Let $f(x):[0;1]\to\mathbb{R}$ be continuous function. Prove that $$\int_0^1e^{f(x)}dx \cdot \int_0^1e^{-f(x)}dx \geq 1+\int_0^1(f(x))^2dx-\Bigg(\int_0^1f(x)dx\Bigg)^2.$$
I tried to use Cauchy–Schwarz inequality. I tried some substitutions and integration by parts. I also tried to see on the following inequality $\int_0^1\big(e^{f(x)}-g(x)\big)^2dx\geq0$ and find such a function $g(x)$ to get closer to initial inequality. I don't know what else I should try.

Answer 1

Now I know the solution.

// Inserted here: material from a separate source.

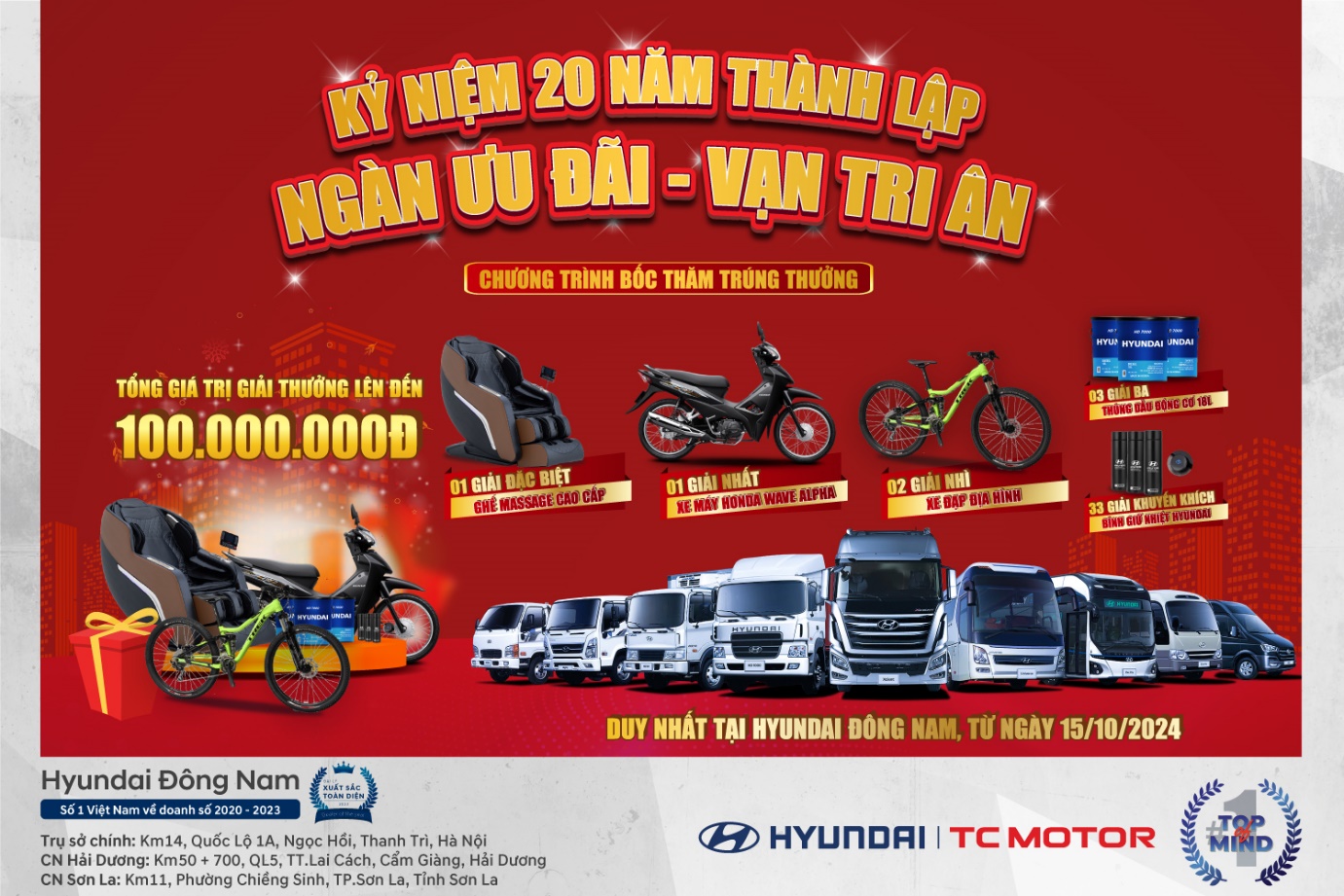 Hyundai Đông Nam triển khai chương trình ưu đãi trúng thưởng lên đến 100 triệu đồng - 1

Lemma: $\forall t \in \mathbb{R}$ the following inequality holds $e^t+e^{-t} \geq 2+t^2$. Proof of the Lemma: $$e^t+e^{-t} = 2 \sum_{n=0}^{\infty} \frac{t^{2n}}{(2n)!}=2(1+\frac{t^2}{2}+...) \geq 2+t^2$$ Now put $t=f(x)-f(y)$. We have $$e^{f(x)-f(y)}+e^{f(y)-f(x)} \geq 2+(f(x))^2+(f(y))^2-2f(x)f(y)$$ Taking double integral with respect to $x$ and $y$ over $[0 ; 1]^2$ we have $$\int_{0}^{1}\int_{0}^{1}e^{f(x)}e^{-f(y)}dxdy+\int_{0}^{1}\int_{0}^{1}e^{f(y)}e^{-f(x)}dxdy\geq2+\int_{0}^{1}(f(x))^2dx+\int_{0}^{1}(f(y))^2dy-\int_{0}^{1}\int_{0}^{1}2f(x)f(y)dxdy$$ We can obviously represent double integral as a product of two integrals in this case. After dividing by $2$ we get the desired inequality.